The program is a partnership between the Lev Academic Center, a Jerusalem-based college for the Orthodox community, the Cyber Education Center of the Rashi Foundation and the National Cyber Bureau of the Prime Minister’s Office.
The first group selected for the program consists of 32 students, 16 men and 16 women, who will study a variety of subjects in a curriculum developed by industry experts. The subjects are not generally part of regular university studies, the program organizers said.
“In building the program, we gathered essential information about the needs of the defense and civil industries and designed the content to address these needs in the best way possible,” said Sagy Bar, director of the Rashi Foundation’s Cyber Education Center.

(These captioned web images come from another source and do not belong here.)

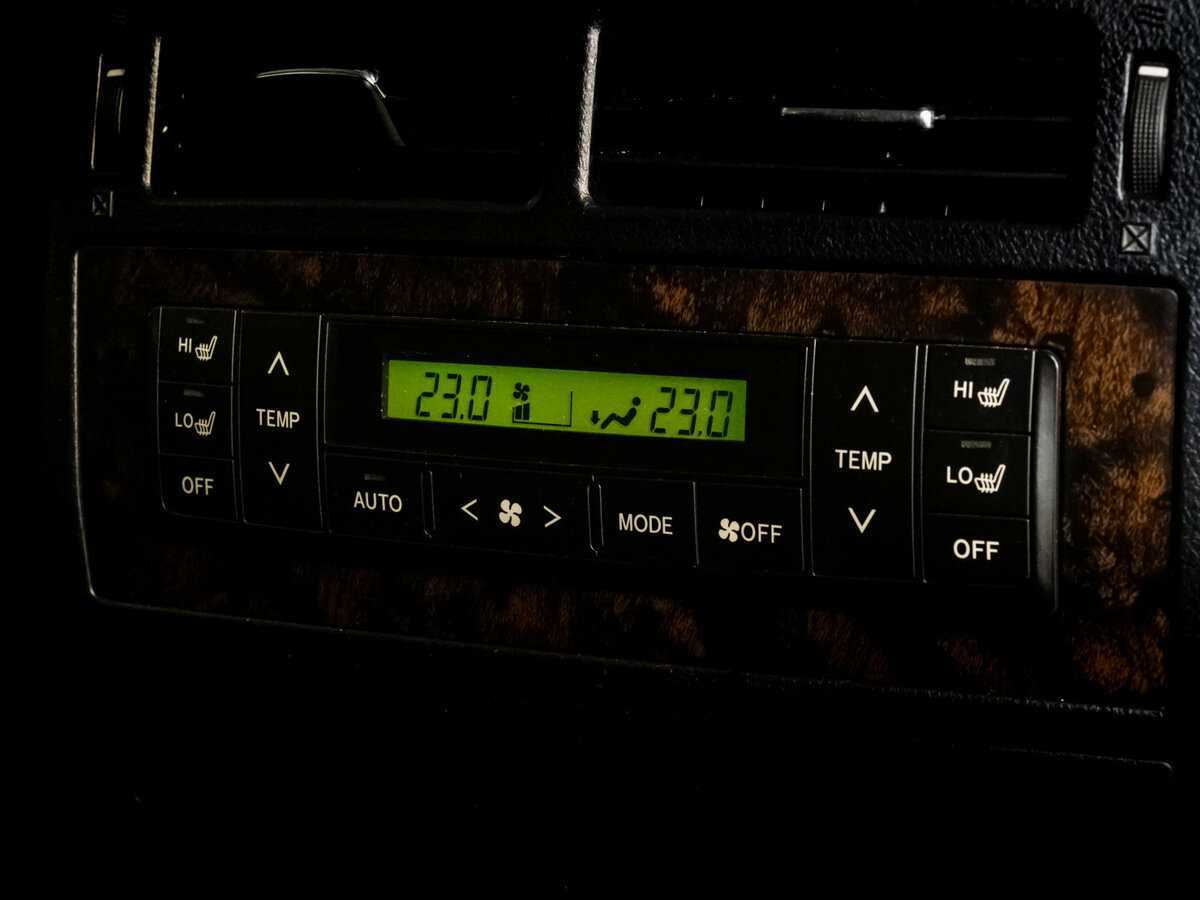 Toyota Land Cruiser 2013 года с пробегом. Фото: #25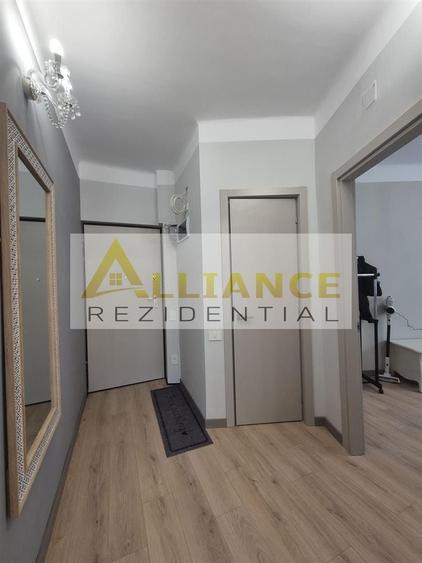 Apartament cu 2 camere decomandat în Universitate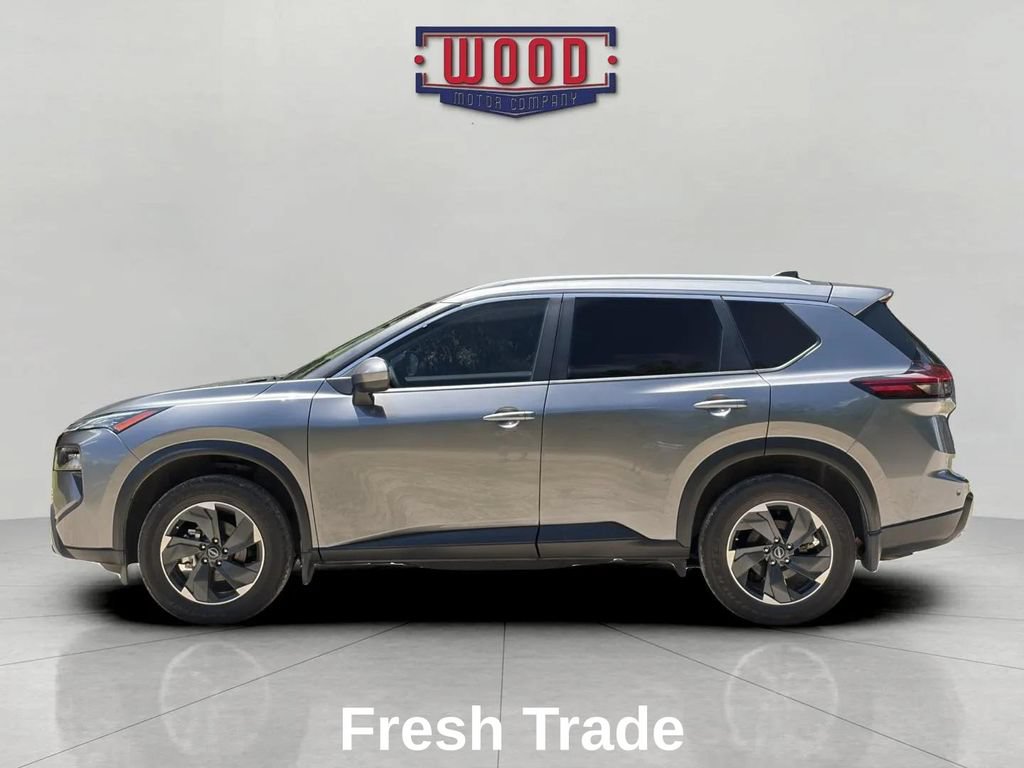 Used 2024 Nissan Rogue SV w/ SV Premium Package AWD/4WD image 4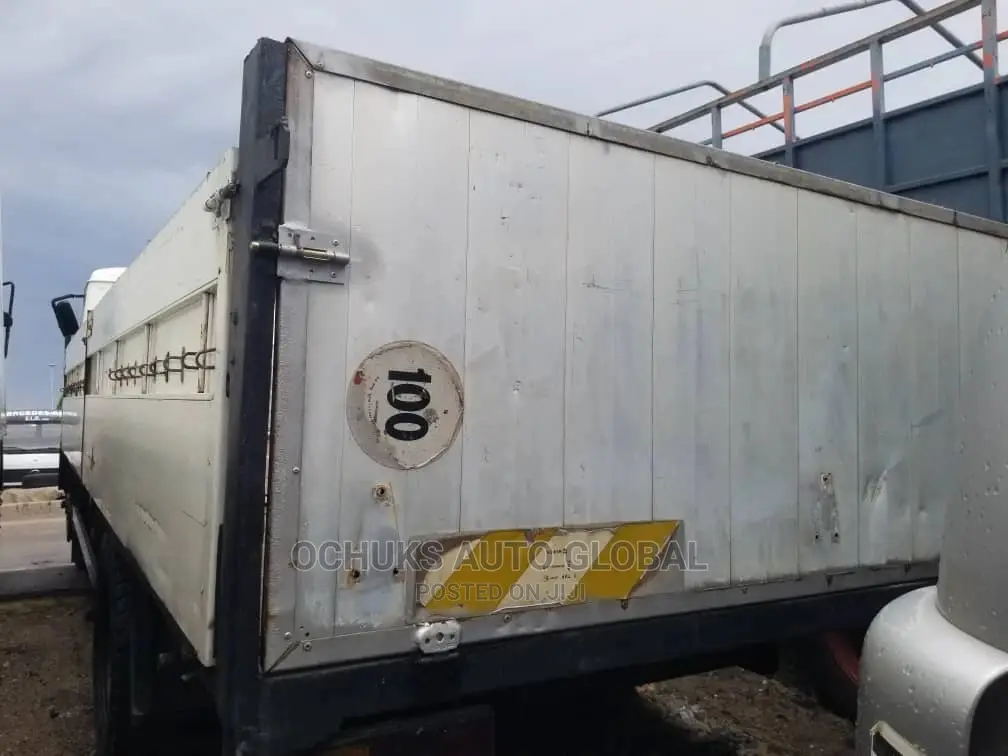 M/Benz Truck Pick Up Van 1717 Model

“The cyber industry is one of the main growth engines of Israel’s economy,” said Yigal Unna, director of the Cyber Technologies Unit in the National Cyber Bureau. “To enable and promote this growth it is crucial to increase and diversify the workforce in the field. Training programs like these bring new populations to the world of cyber R&D and help to preserve the leading status of Israel in this area.”
As multinationals flock to Israel to set up research and development centers to tap into Israeli technologies, they compete with local startups and foreign peers for talented engineers and programmers. And as a shortage of these skilled workers looms over the next decade, Israel is looking to tap into populations — women, the ultra-Orthodox and Arabs, who have been left mostly at the sidelines of the startup nation boom.
Israel is considered a global leader in cyberdefense technologies, garnering some some 20 percent of the global private investments in cybersecurity, according to government data. A 2016 report on the industry showed that there are some 430 cybersecurity companies currently operating in Israel, with an average of 52 new startups established in the sector annually since 2000.